The tourists also lost openers Alastair Cook and Andrew Strauss early in their second innings, although batsmen Kevin Pietersen and Jonathan Trott guided England to 111-2, 229 runs behind the hosts.
Earlier on day three Sri Lanka had frustrated England by putting on 87 for the last two wickets to reach 214, meaning Strauss’s men must eclipse by eight runs the 332 chased down against Australia in 1928 to win.
It would be only the fourth time England have successfully chased more than 300, and with a batting line-up that has exceeded 200 only twice in seven winter innings.
But Swann said: “I’d say we’re just favourites. I don’t like statistics. Just because somebody won a game in 1912 chasing 290 or someone got 350 in the Kerry Packer era doesn’t mean anything. This is 2012. History is there to be rewritten.”
Sri Lanka’s Prasanna Jayawardene disagreed: “We have the psychological advantage because they need to score more than 300.”
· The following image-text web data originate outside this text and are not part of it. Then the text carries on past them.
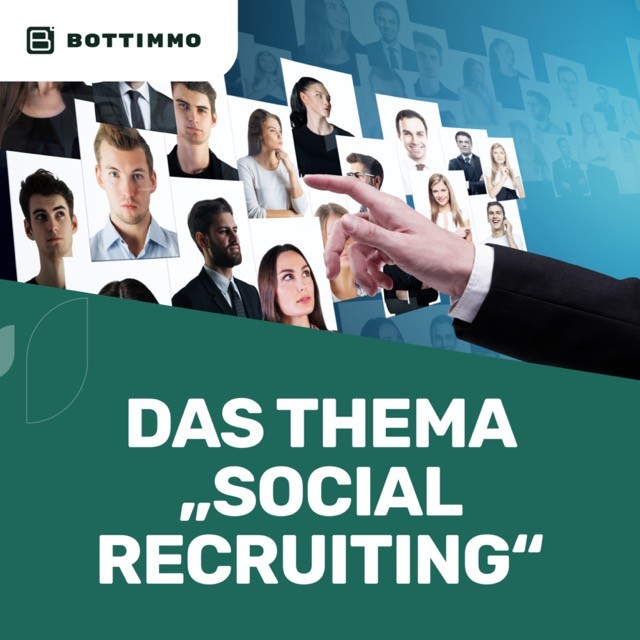 Social Recruiting/ Bewerber für Immobilienmakler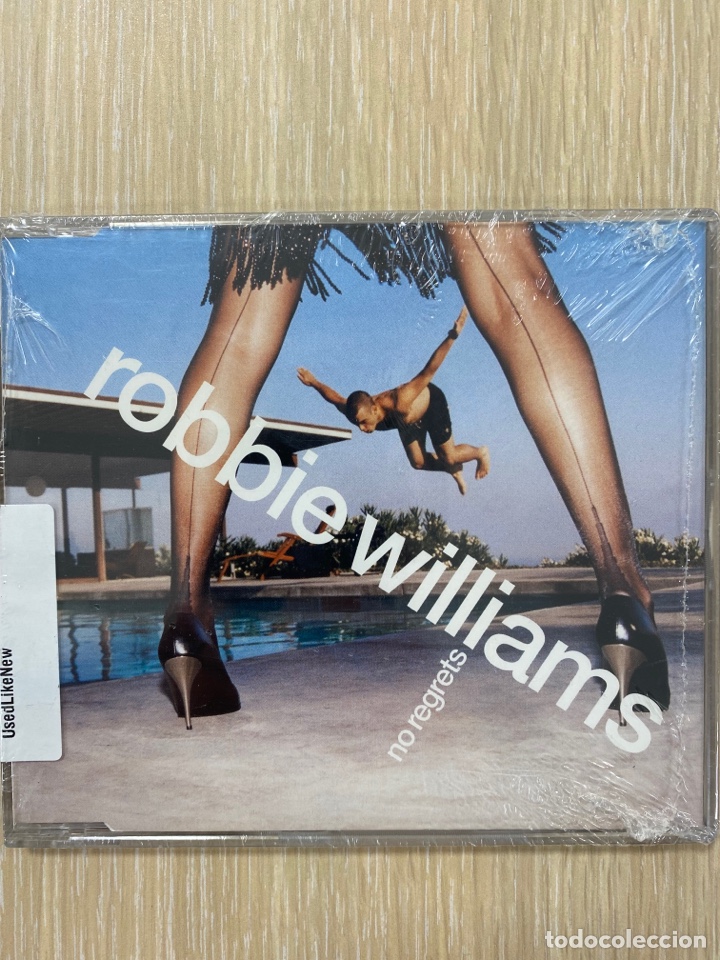 CDs de m&uacute;sica: CD - Robbie Williams - No regrets - Foto 1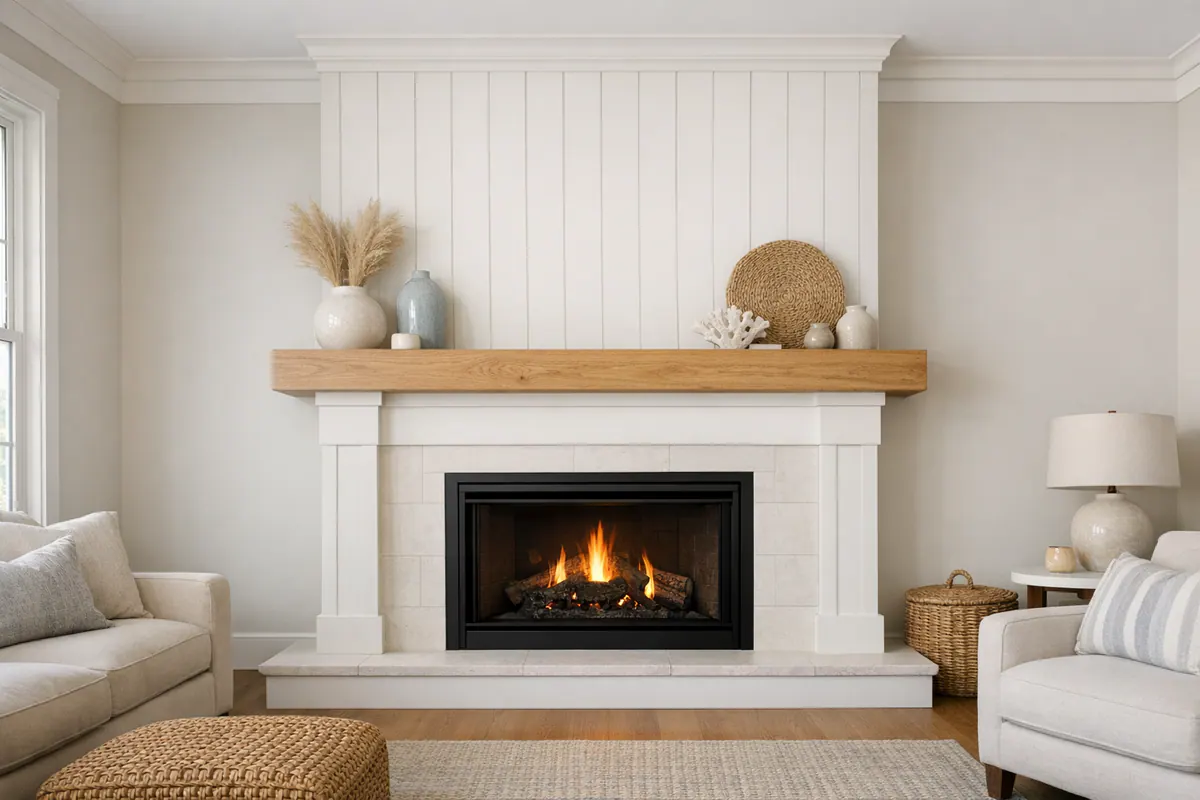 Fireplace Mantels and Surrounds in Nokomis, FL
Swann completed his 12th five-for after Sri Lanka resumed on 84-5, and the hosts might have been dismissed for 167, had paceman Stuart Broad not been belatedly penalised for a no-ball, having caught and bowled wicketkeeper Jayawardene.
That would have set England a more attainable target of 293, but instead the hosts magnified England’s frustration by adding 47, Jayawardene contributing a damaging 61 not out.
Cook (14) and Strauss (27) both fell to nemesis Rangana Herath, who claimed six first-innings scalps, after tea, but Trott (40 no) and Pietersen (29 no) gave England faint hope.